What a surprising drive it was. Unexpectedly fun. A very good looking car too. First time I brought it home, my wife told me to park it in the garage as it would attract too much attention otherwise; she has no problem when I leave my GT3 outside though, I was offended for certain.

The interior of all new Porsche show significant improvement with the dash layout, the feel and general ambiance. This was the very basic Cayman, no frills version with minimal options, except PDK.

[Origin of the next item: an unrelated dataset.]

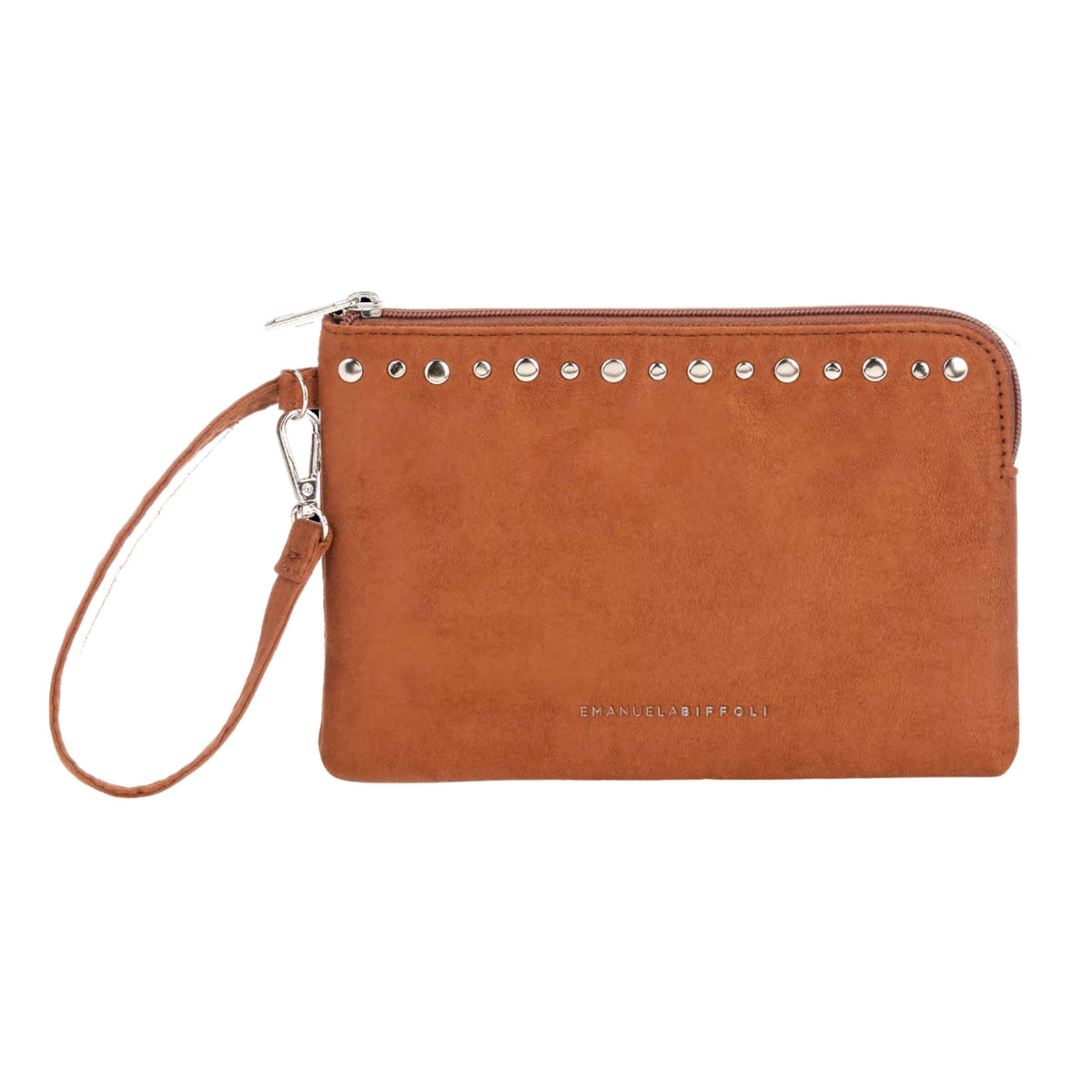 Pochette Emanuela Biffoli Busta Piatta Marrone in Ecopelle Scamosciata con Borchie e Fodera Personalizzata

The PDK! Well, I am a convinced convert now. I played with that thing in every way possible, just superb. No padles unfortunately, but changing gears up and down was so much fun, and the throttle blips were right on every single time. It was also much faster than other PDKs I used in Cayennes or Panameras, this was sporty, responsive and encouraged shifts. I was involved, trust me, I was. But yes, something is lost no doubt. What I found lacking in this configuration was the shifter, not the third pedal or some uncontrollable need to heel/toe, but the shifter. You see, when we shift using a manual, the 'circle of feeling' has a complete loop. My left hand is on the steering receiving information, my feet are touching the pedals receiving information and apparently I have been receiving information that I took for granted with my right hand on the shifter. I did not realize, until driving the PDK hard, how much information I have been receiving through my right hand and combined with all the sensory inputs, the circle was closed. With the PDK, the circle has an open gate. You do miss it, but it is not a showstopper.

As for the 3rd pedal... if I had a PDK car, like the 991 GT3, I would focus my attention on left-foot braking, it would be such a fun activity for me and talk about involvement. But I suspect Porsche will put the safety first and disable throttle input with the brake application, so unless you have it turned off with aftermarket ECU updates, that won't be possible. Maybe Porsche will give us a button for that too in the future.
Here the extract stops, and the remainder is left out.